The citizen account number would be linked to a single address, and this identity would provide the entitlement to a wide range of public services. It was going well, not least because of the creative work carried out by Dundee City Council, which had a working example of an identity card. Alas, following the 2007 election, the citizens’ account was dropped as a comprehensive scheme by the new government that was feart of the civil liberties lobby. The only parts that continued were the National Entitlement Card, essentially the bus pass, and a Proof of Age scheme, both of which were voluntary. Fears of Big Brother saw the rest of the initiative being too radical for our increasingly centralised democracy, which was too distant to understand the operational benefits of citizens' ID.
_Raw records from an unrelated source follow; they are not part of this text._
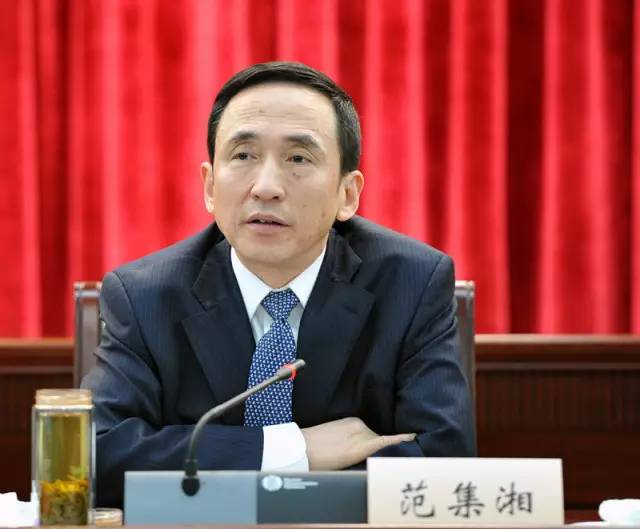 中國電建原董事長、黨委副書記范集湘被查！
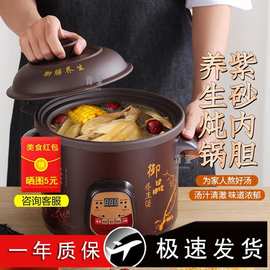 煲汤炖锅全自动2.5煮粥批发沙锅养生陶瓷-多功能熬6紫家用L电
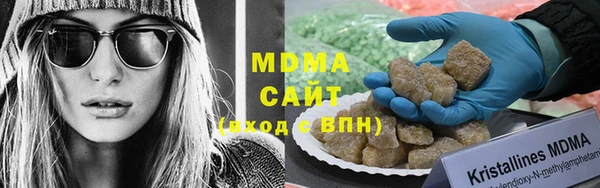 мескалин Дмитриев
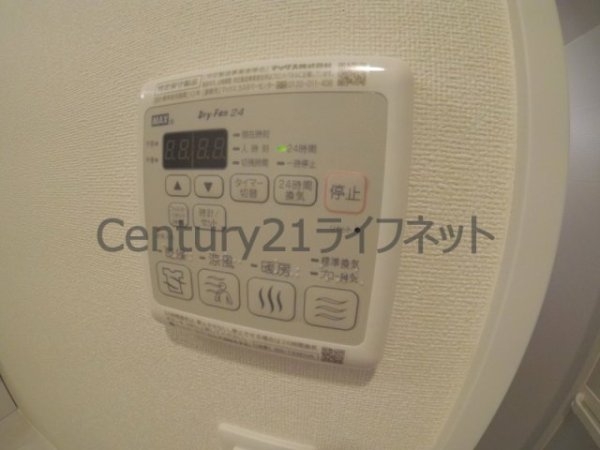 プレサンス梅田東グラッド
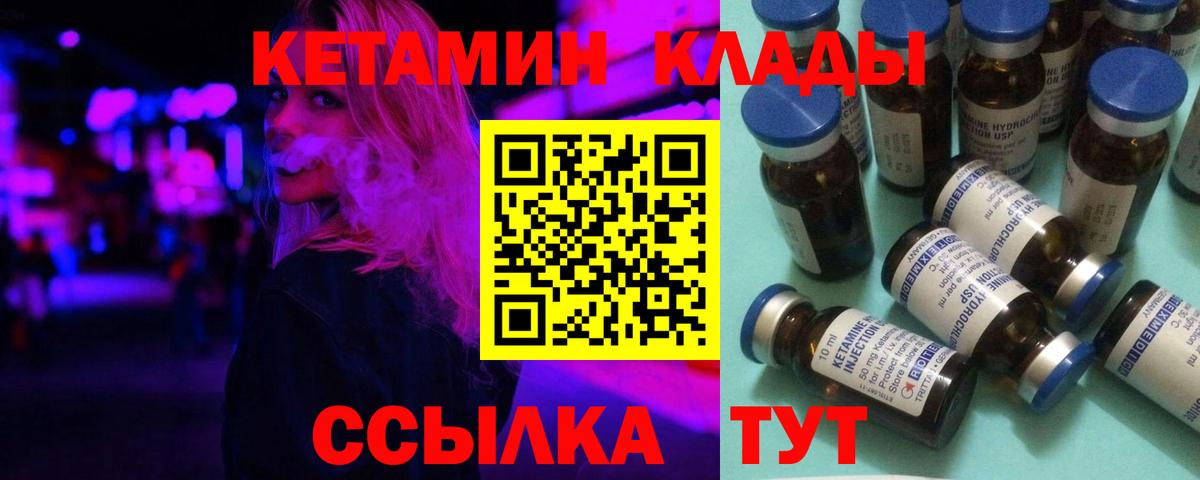 Черкесск  Кетамин VHQ  Вход с VPN  КЕТАМИН VHQ 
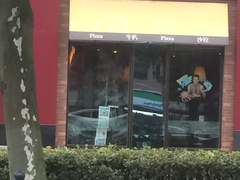 门面-必胜客(漕宝路店)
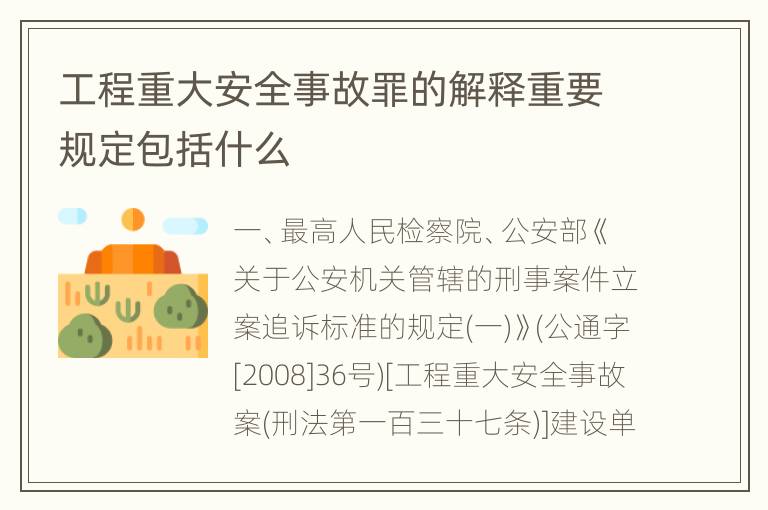 工程重大安全事故罪的解释重要规定包括什么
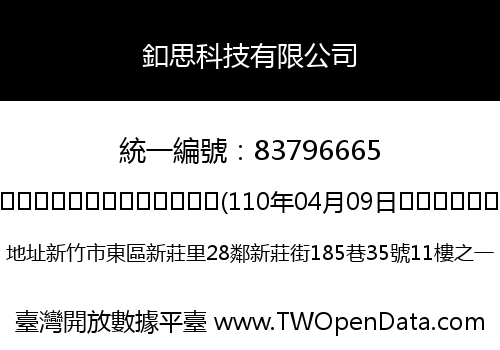 釦思科技有限公司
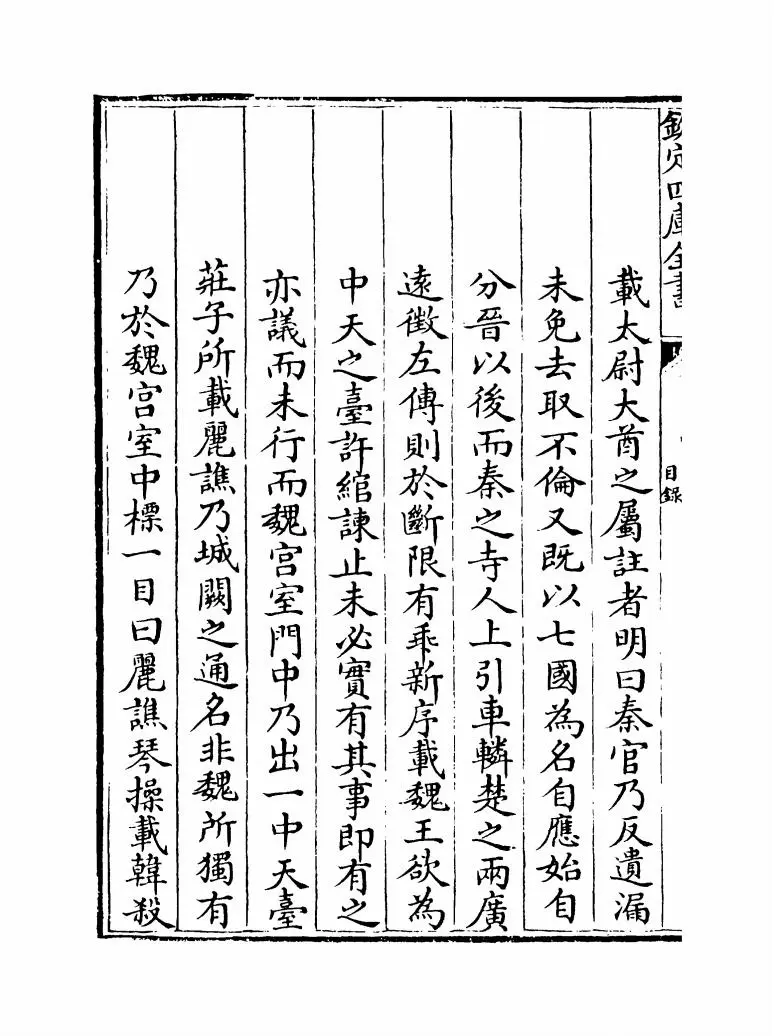 七国考(明·董说) (3)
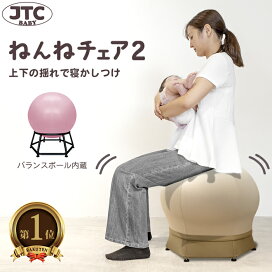楽天市場】【楽天1位獲得】ねんねチェア2 赤ちゃん 寝かしつけ 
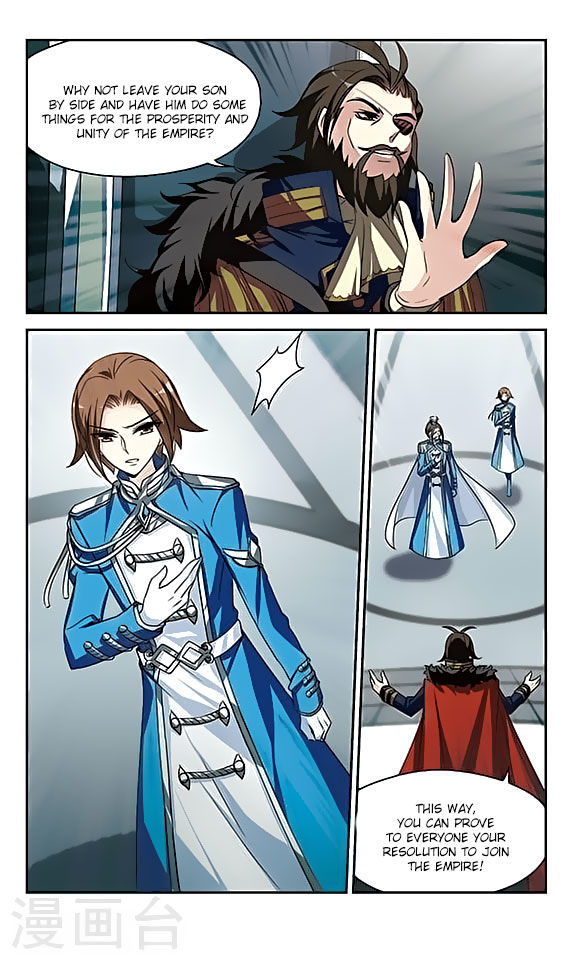 Chuan Yue Xi Yuan 3000 Hou chapter 123 - page 21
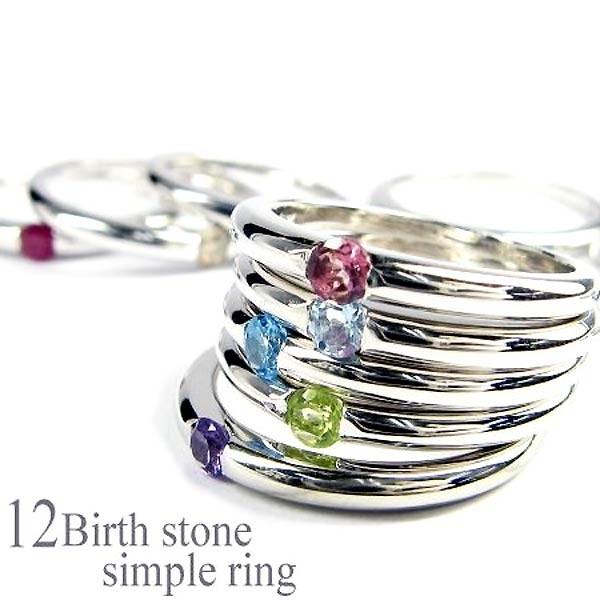 17日までポイント5倍 誕生石 一粒カラーストーン シルバーリング 5月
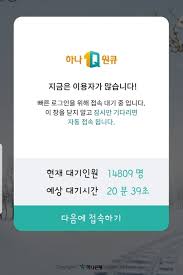 고금리 적금을 은행 별로 다양하게 제공합니다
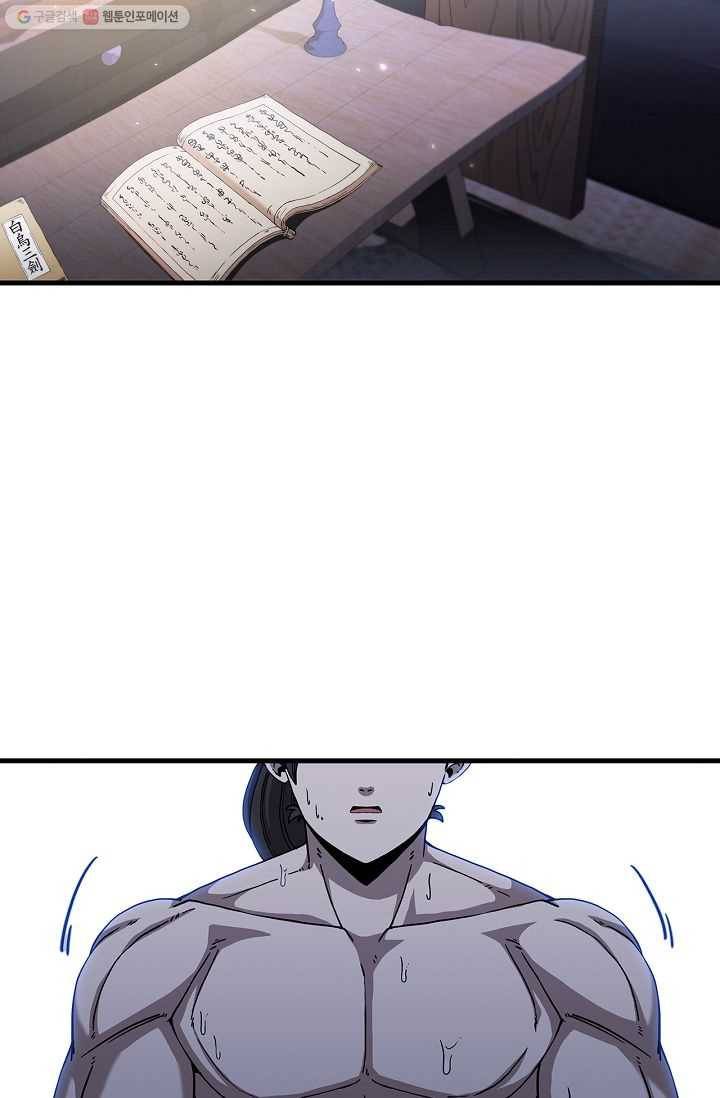 신수제일검 24화 3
The Entitlement Card had an upside in that hundreds of thousands of pensioners and young people were given the freedom of Scotland by Scottish-wide bus travel. Edinburgh trams were excluded, except for Edinburgh residents, despite being largely funded by the Scottish taxpayer. The mock-ups of the Entitlement Card were in the name of Winston Smith of Nineteen-Eighty-Four notoriety; perhaps there were some humourists in the Edinburgh City Council. Winston was fighting against Big Brother whilst getting laid by Julia.
After retirement, my Entitlement Card was used regularly to catch the 915 City Link Bus from Crianlarich to Skye. The bus was always full of elderly folk astonished at the scenery as they travelled across Rannoch Moor and through Glencoe or caught the views into Knoydart before reaching Glenshiel. It was a better tonic than a visit to the Doctor; the bus was a happy place. I was often queried about my age by the regular female driver as I heaved my rucksack onto the bus and asked to be dropped at a remote location in Glencoe or Glenshiel. I would spend two days walking over and camping in the hills, and get picked up the next day at another stop. The flexibility and the comfort of a City Link bus were a prized service. Like the Ember Bus trips to the cities.
Yes, buses are becoming a lifestyle choice again as well as an essential public service.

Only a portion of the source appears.